This Form 8-K/A1 amends the Form 8-k filed by the Registrant on July 23, 1999
(File No. 0-26011) with regards to disclosures required in Item 4.

Item 2.  Acquisition or Disposition of Assets.

On July 8, 1999, the Registrant entered into a Share Purchase Agreement with all
of the eight stockholders of Cable Systems Technical Services, Inc., an Ontario,
Canada corporation, ("CSTSI"). Pursuant to the Share Purchase Agreement, the
Registrant will acquire all of the issued and outstanding common shares of CSTSI
in consideration of $3,900,000 (US) and 75,000 options to purchase shares of the
Registrant's common stock at an exercise price of $2.50 (US) per share for a
period of two years. In addition, the Registrant is obligated to cause CSTSI to
repay approximately $396,785 (US) in loans outstanding to a CSTSI stockholder,
to cause CSTSI to redeem and retract, by the closing date, all of the issued and
outstanding Class A Preferred Stock of CSTSI (50 shares) and to effect the
discharge of all personal guarantees of debts and other obligations of CSTSI and
its subsidiaries made to CSTSI's vendors.

Upon the consummation of the transactions contemplated by the Share Purchase
Agreement, CSTSI will become a wholly-owned subsidiary of the Registrant. The
Registrant has deposited $100,000 (US) against the purchase price. The
transactions contemplated by the Share Purchase Agreement are scheduled to close
on September 19, 1999, subject to up to three extensions, in the sole discretion
of the Registrant, for thirty calendar days each. In the event the Registrant
elects to extend the closing date, the Registrant is obligated to increase the
deposit in the amount of $40,000 (US) for each thirty-day extension.

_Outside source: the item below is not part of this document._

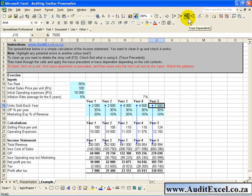The Auditing toolbar is very very important in spreadsheets and adds a lot of value. It makes it a lot easier to find errors.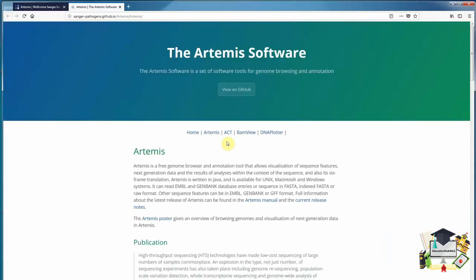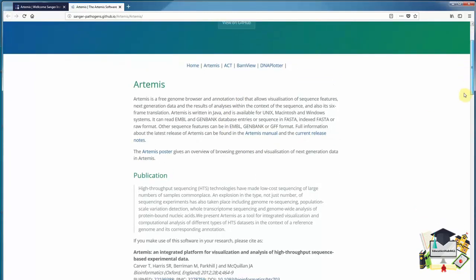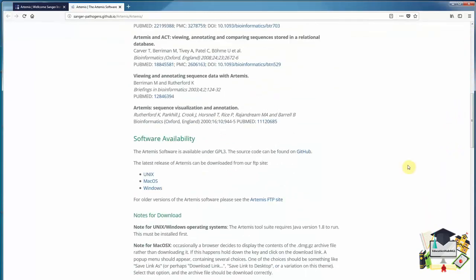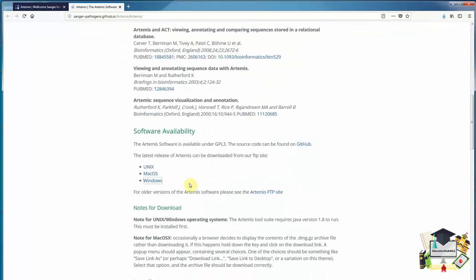GitHub is a repository for scientific software. This page contains more details of Artemis and other associated software. We need to scroll down to the Software Availability section of the page. Here we can download the software. As I'm on a Windows PC, I will click the Windows link and save the file.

The price to be paid by the Registrant for CSTSI has been determined at two
times the forecasted 1999earnings of CSTSI. There is no assurance the forecasted
earnings will be achieved.

Prior to the date of the Share Purchase Agreement, there was no material
relationship between the Registrant, CSTSI or the CSTSI shareholders.

The Registrant plans to fund the purchase price by the sale of its securities to
strategic partners and certain institutional investors. Although the Registrant
is currently in discussions regarding the funding, the Registrant does not have
any written commitments for funding at the date of this report.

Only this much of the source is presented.